What is expected:
When you reach the line below that has "tafaar with shoulder-length", start returning lines exactly, and stop after the line that has "Still life with a green telephone, pink flowers, clock and fig."; skip the pictures.

Extracted entries:
* * * * * * *

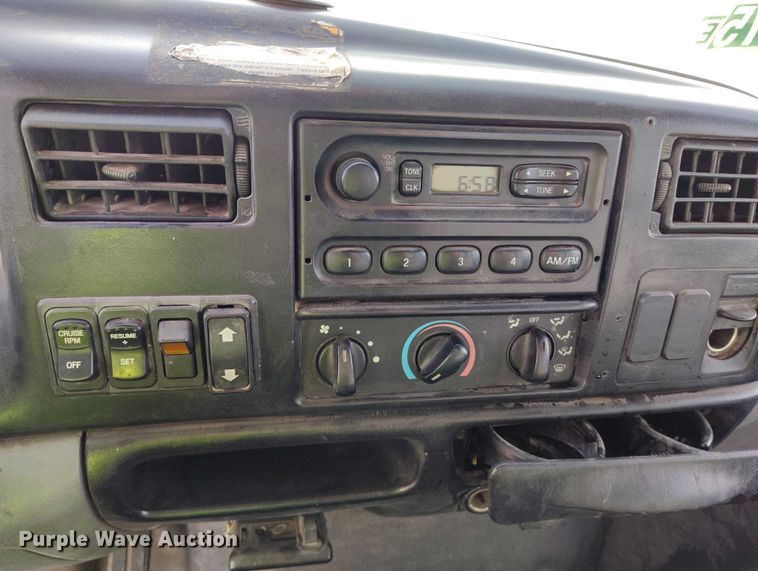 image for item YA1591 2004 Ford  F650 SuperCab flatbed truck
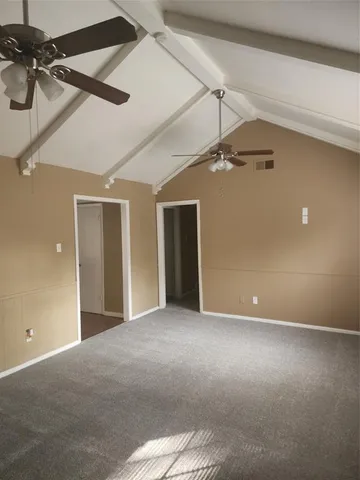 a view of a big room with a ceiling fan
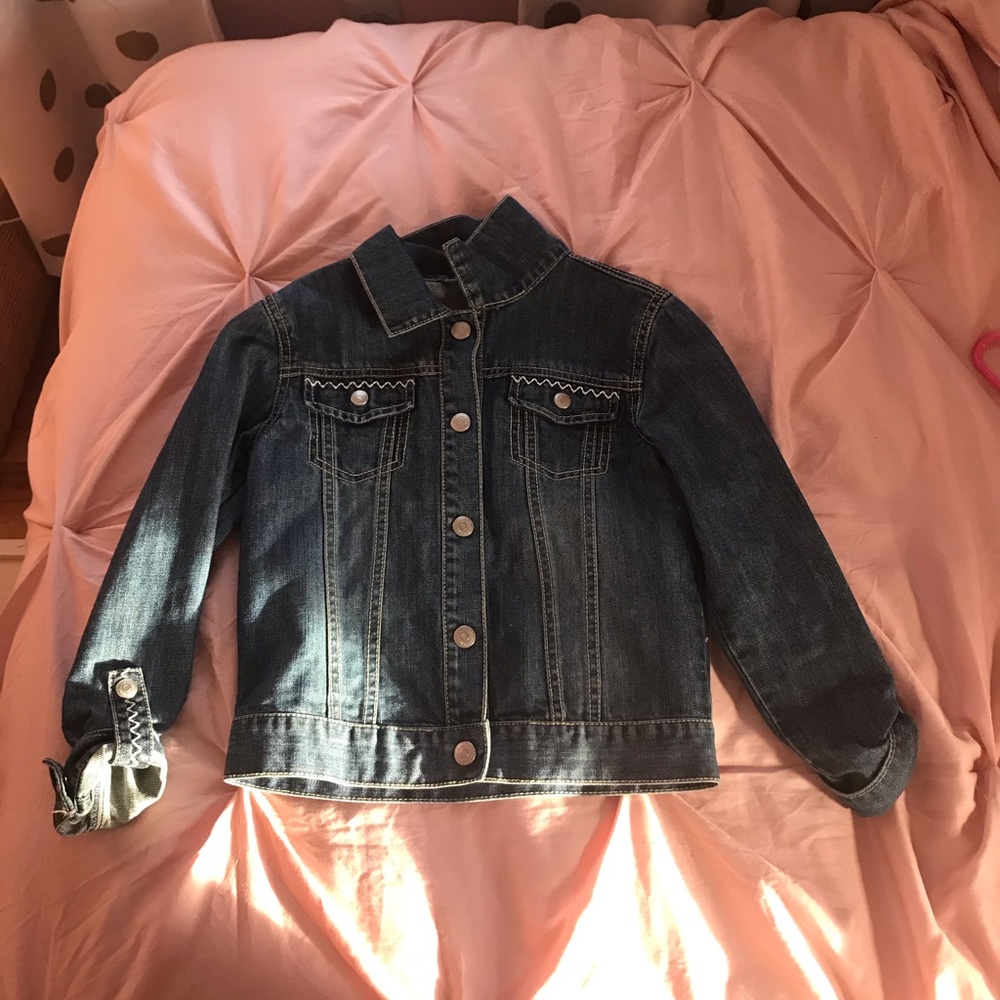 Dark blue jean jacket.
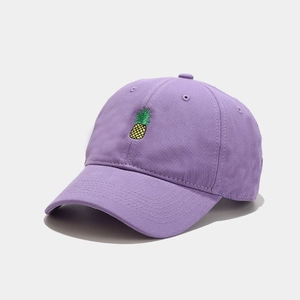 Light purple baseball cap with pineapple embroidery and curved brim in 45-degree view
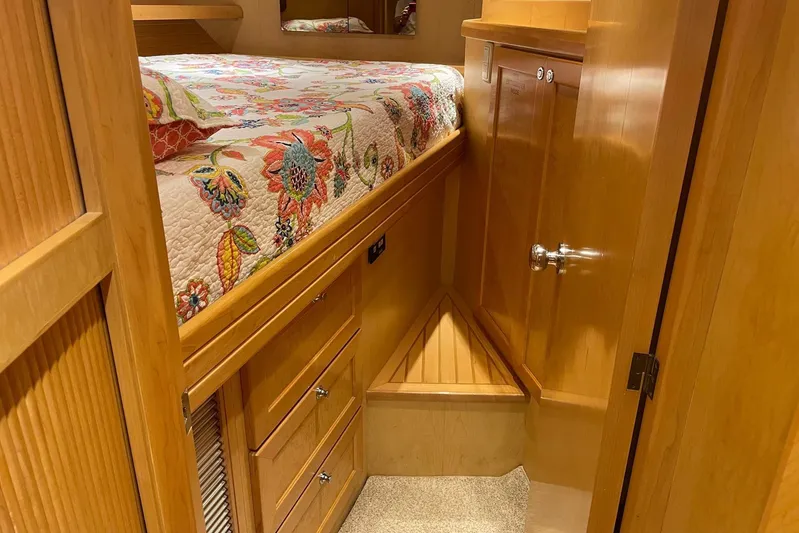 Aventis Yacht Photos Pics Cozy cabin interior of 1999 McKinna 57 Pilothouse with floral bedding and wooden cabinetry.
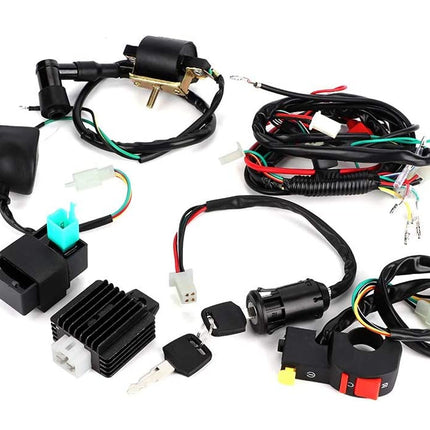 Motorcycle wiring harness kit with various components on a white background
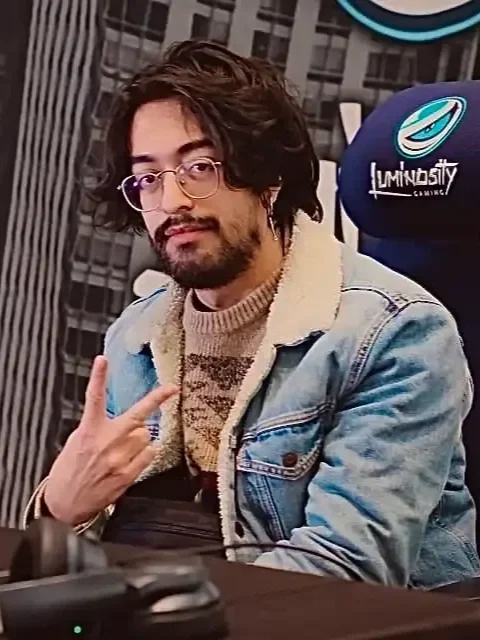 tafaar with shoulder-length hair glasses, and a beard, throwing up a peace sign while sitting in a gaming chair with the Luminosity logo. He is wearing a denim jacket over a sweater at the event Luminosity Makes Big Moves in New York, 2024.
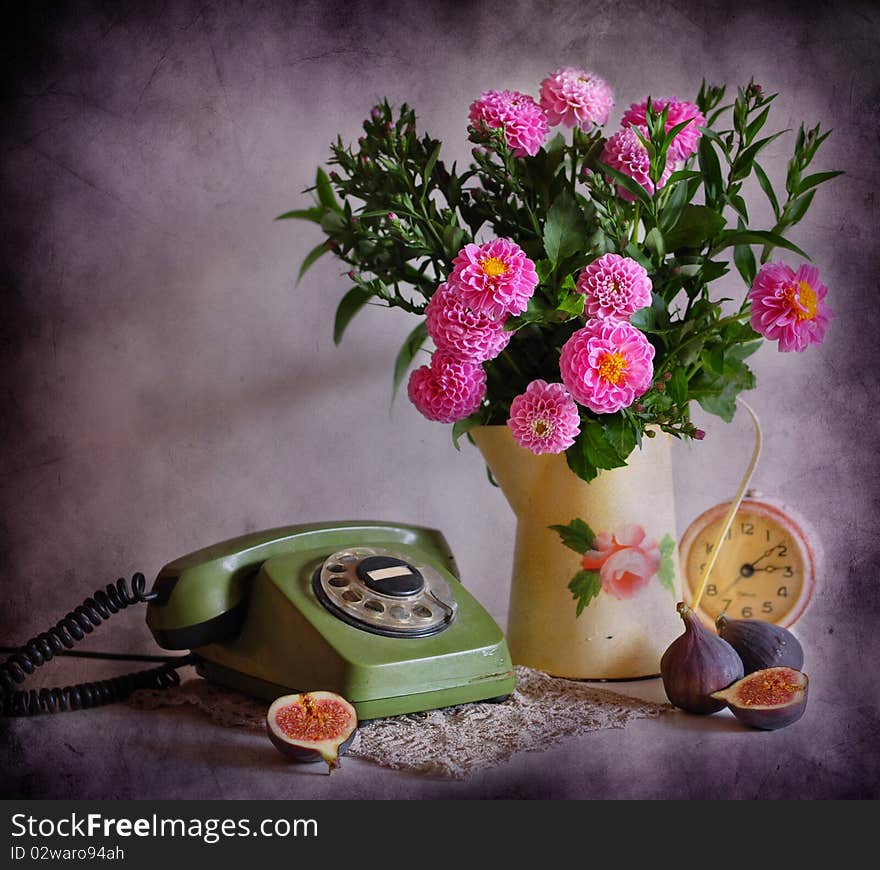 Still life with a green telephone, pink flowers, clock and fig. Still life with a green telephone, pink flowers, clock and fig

* * * * * * *

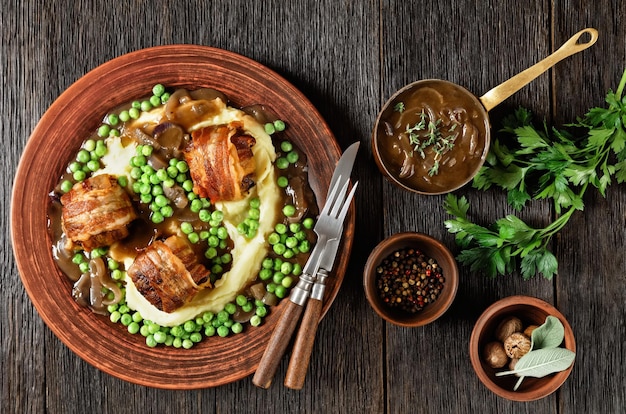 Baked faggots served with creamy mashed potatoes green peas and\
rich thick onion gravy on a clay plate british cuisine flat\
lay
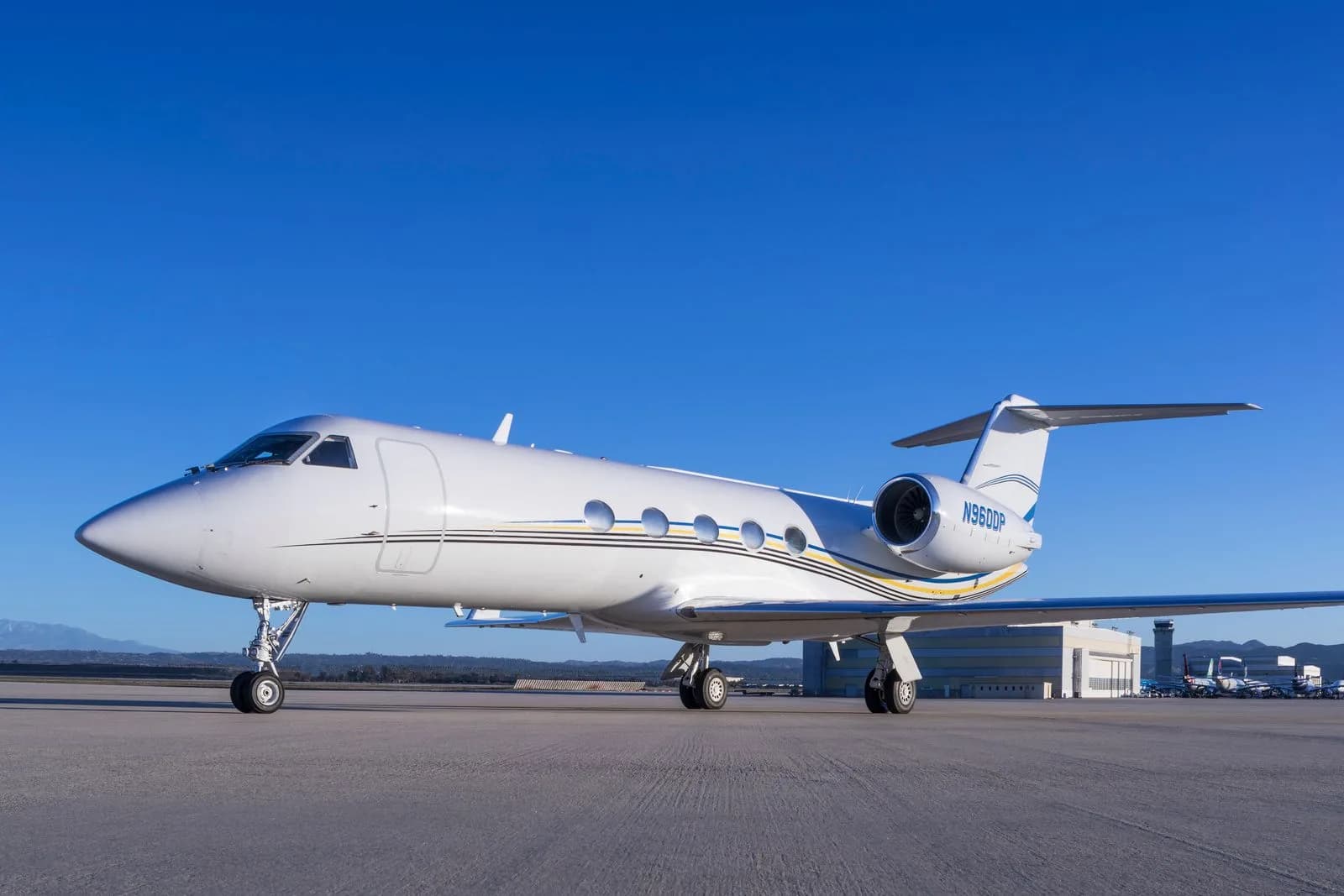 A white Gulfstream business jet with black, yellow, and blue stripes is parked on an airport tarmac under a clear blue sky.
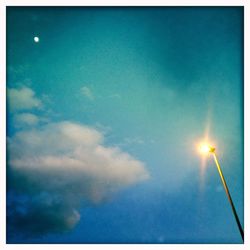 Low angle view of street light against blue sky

* * * * * * *

Solution for this task:
 tafaar with shoulder-length hair glasses, and a beard, throwing up a peace sign while sitting in a gaming chair with the Luminosity logo. He is wearing a denim jacket over a sweater at the event Luminosity Makes Big Moves in New York, 2024.
 Still life with a green telephone, pink flowers, clock and fig. Still life with a green telephone, pink flowers, clock and fig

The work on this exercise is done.